Experience film diffusion, gas phase allocation process and / or ion implantation process. Furthermore, variation of the chip dimensions, the groove depths, the groove pattern of intersecting grooves, the layer thicknesses or the characteristic values of the raw wafer enables a variation of the electrical characteristics of the diodes. As can be seen from the literature cited in the introduction to the description, thyristors differ from four-layer diodes essentially by an additional gate connection.
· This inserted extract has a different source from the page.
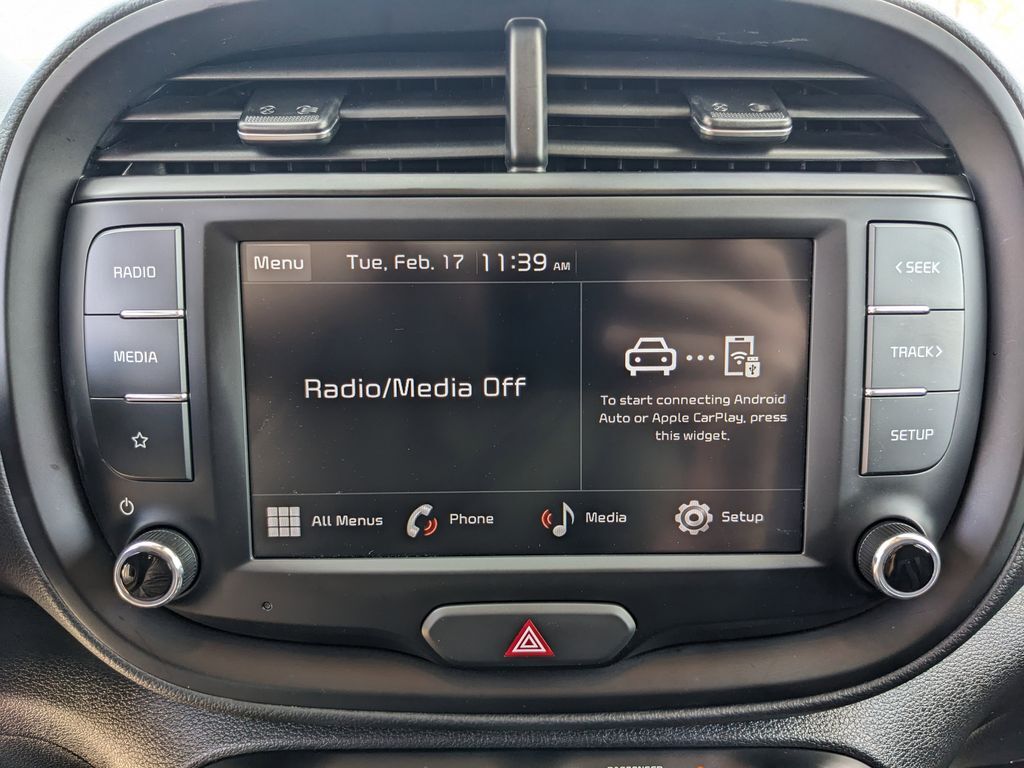 2025 Kia Soul LX San Clemente CA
It is thus possible, with small changes in the production method described, to also produce thyristors which have an emitter short circuit implemented by a groove.

Claims

Expectations

1. A method for producing multilayer diodes or thyristors with an emitter short-circuit structure, in which, in a first step, a multilayer arrangement (2, 3, 4, 5) is produced from a semiconductor wafer (1), characterized in that

in a further step, grooves are sawn in on a front side of the multilayer arrangement, so that the uppermost layer (2) of the multilayer arrangement (2, 3, 4, 5) is severed,

in a further step, a rear side contact (21) is applied to the rear side of the multilayer arrangement opposite the front side, and an emitter short-circuit contact (20) is applied to the front side, so that the top layer (2) and the layer below (3) are short-circuited,

and in a further step the multi-layer arrangement is cut along a part of the sawn-in grooves to produce individual multi-layer chips, so that in addition to the grooves along which the cutting takes place, each

Multilayer chip has at least one further groove that is not claimed by the cutting.

2. The method according to claim 1, characterized in that the grooves are arranged equidistant.
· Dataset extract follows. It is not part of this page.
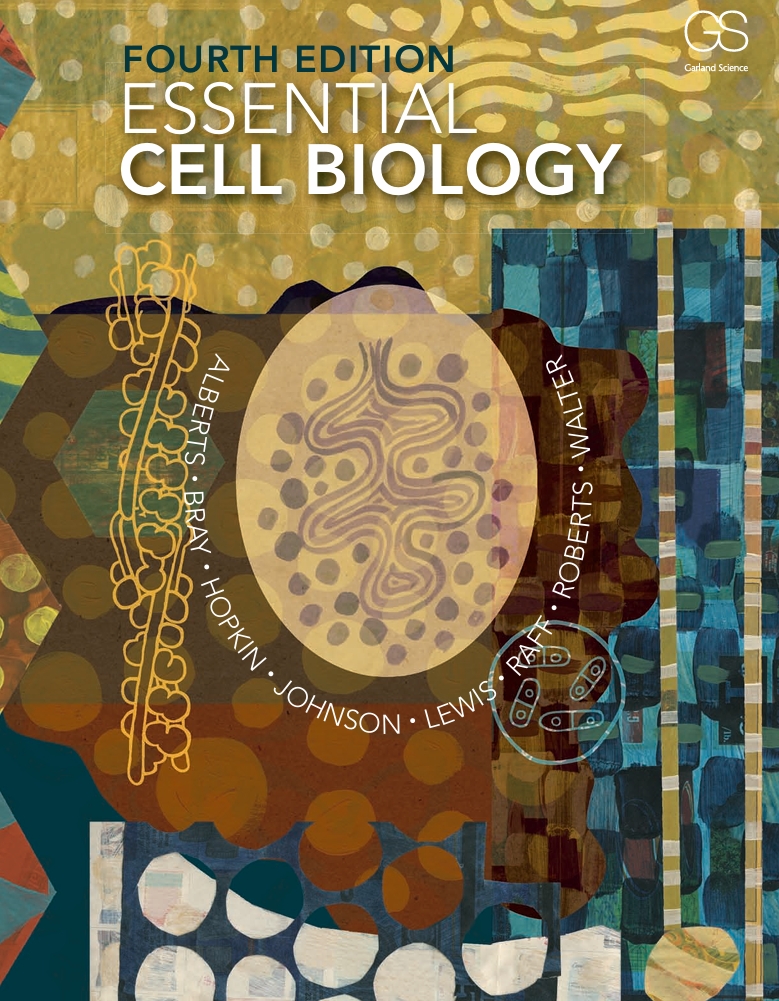 ESSENTIAL CELL BIOLOGY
3. The method according to claim 1 or 2, characterized in that two groups of grooves are arranged which intersect at an angle of approximately 90 degrees, so that the front is divided into rectangular, in particular square, areas.

4. The method according to any one of the preceding claims, characterized in that for the top layer (2) a thickness of about 20 microns, for the underlying layer (3) a thickness of about 45 microns and for the grooves a depth of about 30 microns is chosen.

5. The method according to claim 3 and 4, characterized in that the grooves of each group are arranged at a distance of about 2.5 mm.

6. The method according to any one of the preceding claims, characterized in that the multilayer arrangement is produced in a chemical vapor deposition process, in particular in an APCVD process.

7. The method according to any one of claims 1 to 5, characterized in that the multilayer arrangement is produced in a film diffusion process, a gas phase coating process and / or by means of an ion implantation process.